CISA: Ivanti Devices May Harbor Dormant RESURGE Malware

▼ Summary
– CISA has released new details on RESURGE, a sophisticated malware implant that exploits a critical Ivanti vulnerability (CVE-2025-0282) to breach devices.
– The implant uses advanced evasion techniques, including passive command-and-control that waits for specific inbound TLS connections to avoid network monitoring.
– It employs a fake Ivanti certificate for authentication and verification, which can also serve as a detection signature for defenders.
– RESURGE includes capabilities for log tampering and firmware manipulation to achieve stealth and boot-level persistence on compromised systems.
– CISA warns the implant can remain dormant and undetected, urging administrators to use the provided indicators of compromise to find and remove it.
The U.S. Cybersecurity and Infrastructure Security Agency (CISA) has issued a critical update concerning the RESURGE malware, a sophisticated threat targeting Ivanti Connect Secure appliances. This malicious implant, which leverages a critical vulnerability tracked as CVE-2025-0282, is designed for stealth and long-term persistence, often remaining completely dormant and undetected on compromised systems. The agency warns that this poses an ongoing and active risk to organizations using these devices.
CISA’s latest bulletin provides deeper technical insight into the implant’s operation. RESURGE is a 32-bit Linux Shared Object file known as libdsupgrade.so. It functions as a passive command-and-control tool with a wide array of capabilities, including those of a rootkit, bootkit, backdoor, and tunneling proxy. Its most notable feature is a sophisticated network-level evasion technique. Unlike typical malware that sends regular signals to a command server, RESURGE waits indefinitely for a specific, inbound TLS connection initiated by the attacker. This passive stance makes it exceptionally difficult to detect through standard network monitoring.

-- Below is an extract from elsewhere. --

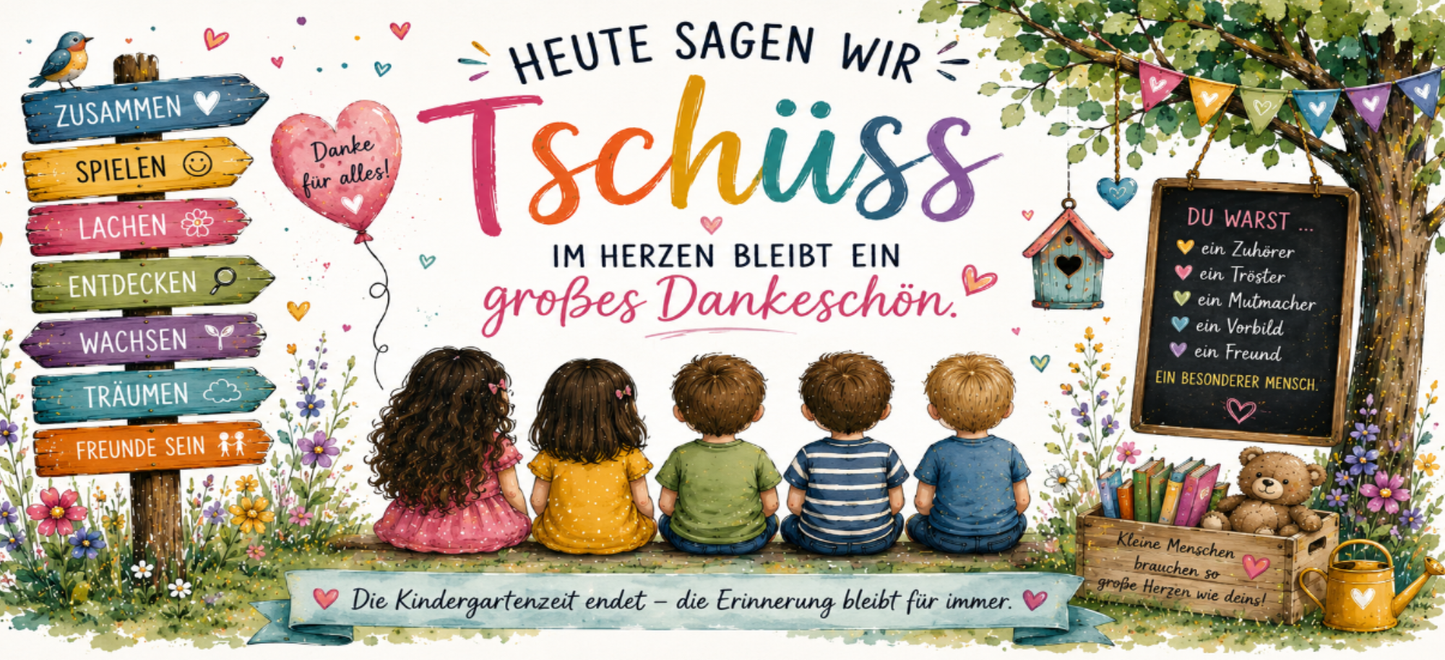 🌈 Tasse „Danke für die wunderschöne Kindergartenzeit“ – Abschiedsgeschenk für Erzieher & Tagesmutter
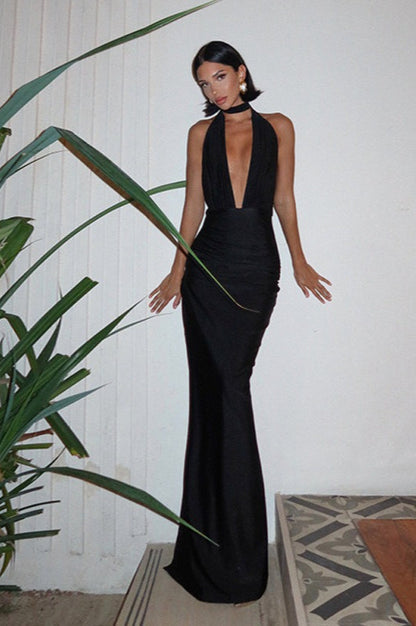 V Neck Halter Backless Solid Slit Formal Dress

The malware operates by hooking into the ‘accept()’ function within the device’s ‘web’ process. It inspects incoming TLS packets before they reach the legitimate web server, searching for connection attempts that match a specific cryptographic fingerprint. This fingerprint is calculated using a CRC32 TLS fingerprint hashing scheme. If an incoming connection does not match this precise fingerprint, the traffic is simply passed along to the authentic Ivanti server, leaving no trace of interference.
To further ensure covert communication, the threat actors employ a forged Ivanti certificate for authentication. This fake certificate allows the attacker to verify they are interacting with their own malware implant and not the real server. Importantly, CISA notes this certificate is not used to encrypt communications; its sole purpose is verification. Because this forged certificate is transmitted unencrypted, network defenders can potentially use it as a detectable network signature to identify an active compromise.
Once the initial fingerprint validation and certificate authentication are complete, the attacker establishes a secure, encrypted channel with the implant using a Mutual TLS session secured with the Elliptic Curve protocol. Analysis indicates the implant requests the attacker’s EC key for encryption and verifies it against a hard-coded EC Certificate Authority key embedded within the malware. By meticulously mimicking legitimate TLS and SSH traffic patterns, RESURGE achieves a high degree of stealth and persistence on the infected device.
CISA’s analysis also covers additional components deployed alongside RESURGE. One is a variant of the SpawnSloth malware, named liblogblock.so, which is responsible for tampering with system logs to erase evidence of malicious activity. Another file, called dsmain, is a kernel extraction script. It incorporates open-source utilities to allow RESURGE to decrypt, modify, and re-encrypt coreboot firmware images. This capability enables the malware to achieve boot-level persistence, ensuring it survives device reboots and firmware updates.
The agency emphasizes that because RESURGE can remain completely latent until an attacker connects, it may be dormant and undetected on Ivanti Connect Secure devices for extended periods. This underscores the persistent threat it represents. CISA urges all system administrators to immediately utilize the updated indicators of compromise (IoCs) provided in their advisory to scan for and eradicate any latent RESURGE infections from their networks.